«Vincere l’indifferenza per dire no alle guerre»
La Marcia della pace è stata introdotta dalle parole di suor Teresina Caffi missionaria in Congo. L’arcivescovo Bressan: «Non rinunciamo a sognare»
TRENTO. «Se solo l'anno scorso sono stati cinquanta milioni i profughi, gli sfollati o comunque persone che sono state costrette ad abbandonare la loro casa, vuol dire che il mondo ha la febbre a 40 e che va curato». Ha esordito così suor Teresina Caffi, quando ieri pomeriggio nella chiesa di San Pio X è entrata nel vivo del suo racconto della vita missionaria nella Repubblica Democratica del Congo: uno stato che ha enorme ricchezze tutte “rapinate”, dove ci sarebbero centoventi milioni di ettari coltivabili, ma la gente vive mangiando radici e qualche volta pesce.
E per vedere un mondo diverso, basterebbe solo cambiare prospettiva: «Immaginiamo di poter andare sulla luna ed osservare la terra che vedremmo come un'unica sfera senza confini come lo è il volo degli uccelli o la forza del vento. La natura non li ha creati, ma è stato l'uomo e proprio per colpa dei confini, ci sono guerre e violenza».
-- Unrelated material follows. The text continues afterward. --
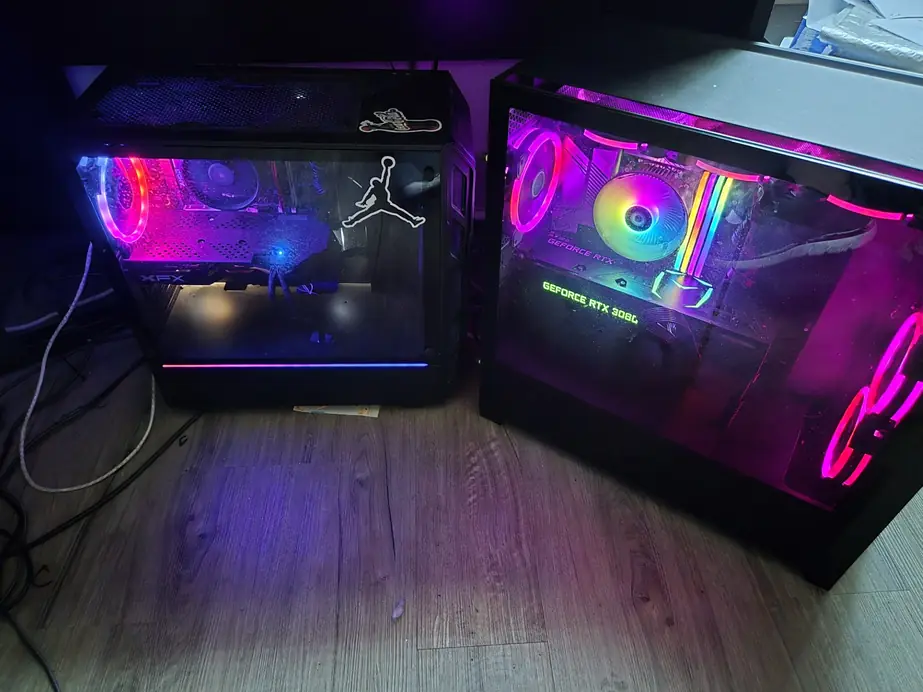 Two glass-panel gaming PCs side by side on a dark floor, lit in magenta and blue, with a GeForce RTX 3080 visible inside one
Suor Teresina Caffi, che conosceva bene le tre missionarie Saveriane Olga Raschietti, Lucia Pulici e Bernadetta Boggian barbaramente uccise nel 2014 in Burundi, ha ricordato i cattolici assassinati in vari Stati in coincidenza del Natale: «Il loro martirio non deve scatenare reazioni, ma far riflettere e farci capire che siamo di fronte ad una scelta: conservare o rompere quell'indifferenza che ci porta a non vedere i problemi, pensando solo a noi stessi. O peggio ancora a non informarci nemmeno, per evitare di prenderne coscienza e magari esserne coinvolti».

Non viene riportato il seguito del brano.